Kelly John P, Phillips James O, Weiss Avery H
Roger H. Johnson Vision Clinic, Division of Ophthalmology, Seattle Children's Hospital, Seattle, Washington; Department of Ophthalmology, University of Washington, Seattle.
Roger H. Johnson Vision Clinic, Division of Ophthalmology, Seattle Children's Hospital, Seattle, Washington; Department of Otolaryngology, University of Washington School of Medicine, Seattle.
J AAPOS. 2018 Feb;22(1):50-55.e1. doi: 10.1016/j.jaapos.2017.10.008. Epub 2017 Dec 29.
To use eye movement recordings of young children to determine whether eye velocity from infantile nystagmus (IN) deprives the developing visual system of normal visual acuity.

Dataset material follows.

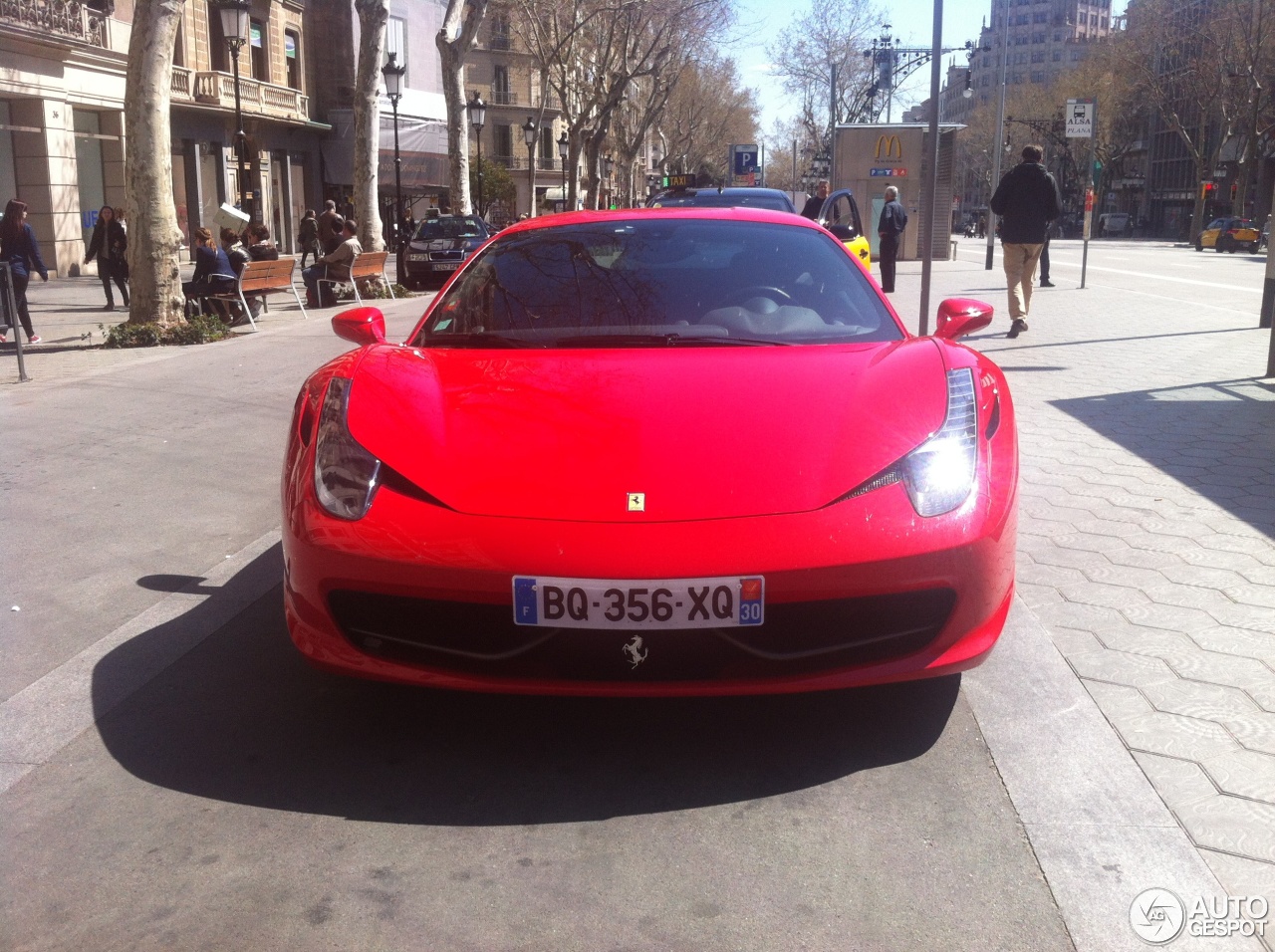 Ferrari 458 Italia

The video-oculography recordings and visual acuity measurements (including Teller cards) of 15 children ≤6.0 years of age with IN without visual sensory disease (idiopathic IN) were reviewed retrospectively. Eye velocity that would limit visual acuity development was predicted from both empirical adult data adjusted for age and a temporal limitation model using published photoreceptor density data with age. Foveal alignment onto a target was measured in 5 subjects using confocal retinal imaging.

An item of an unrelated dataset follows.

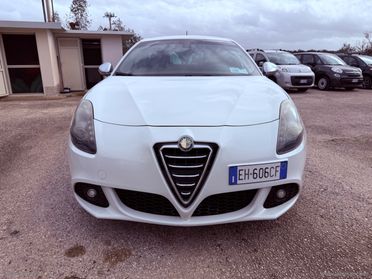 ALFA ROMEO Giulietta 1.6 JTDm-2 105 CV Distinctive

All subjects had periods (85-2440 ms) during which eye velocity was below the limit that would reduce age-appropriate visual acuity. The percentage of time eye velocity was below the limit varied by 4%-54% across all eye movement recordings. Eye movement metrics (eye position variability, average eye velocity, maximum duration of foveation, and the nystagmus optimal foveation fraction) correlated poorly with age or with age-corrected visual acuity (r < 0.27 for each metric). Longitudinal visual acuity development overlapped between subjects with different nystagmus waveforms.
Eye velocity was not predicted to completely deprive visual acuity development in subjects with idiopathic IN. Nystagmus may decrease visual acuity development in children with idiopathic IN by interfering with visual-cortical development in the context of increased visual noise due to image motion with imprecise foveation.
利用幼儿的眼动记录来确定婴儿型眼球震颤(IN)的眼速度是否会剥夺发育中的视觉系统的正常视力。
回顾性分析了15名年龄≤6.0岁、患有无视觉感觉疾病的IN(特发性IN)儿童的视频眼震图记录和视力测量结果(包括泰勒视力卡)。根据针对年龄调整的成人经验数据和使用已发表的不同年龄光感受器密度数据的时间限制模型,预测了可能限制视力发育的眼速度。使用共焦视网膜成像对5名受试者的中央凹与目标的对齐情况进行了测量。
所有受试者都有眼速度低于会降低相应年龄视力的限度的时间段(85 - 2440毫秒)。在所有眼动记录中,眼速度低于该限度的时间百分比在4% - 54%之间变化。眼动指标(眼位变异性、平均眼速度、中央凹注视的最长持续时间以及眼球震颤最佳中央凹注视分数)与年龄或年龄校正后的视力相关性较差(每个指标的r < 0.27)。不同眼球震颤波形的受试者之间纵向视力发育存在重叠。
预计特发性IN患者的眼速度不会完全剥夺视力发育。眼球震颤可能会通过在因中央凹注视不精确导致图像运动而增加视觉噪声的情况下干扰视觉皮层发育,从而降低特发性IN儿童的视力发育。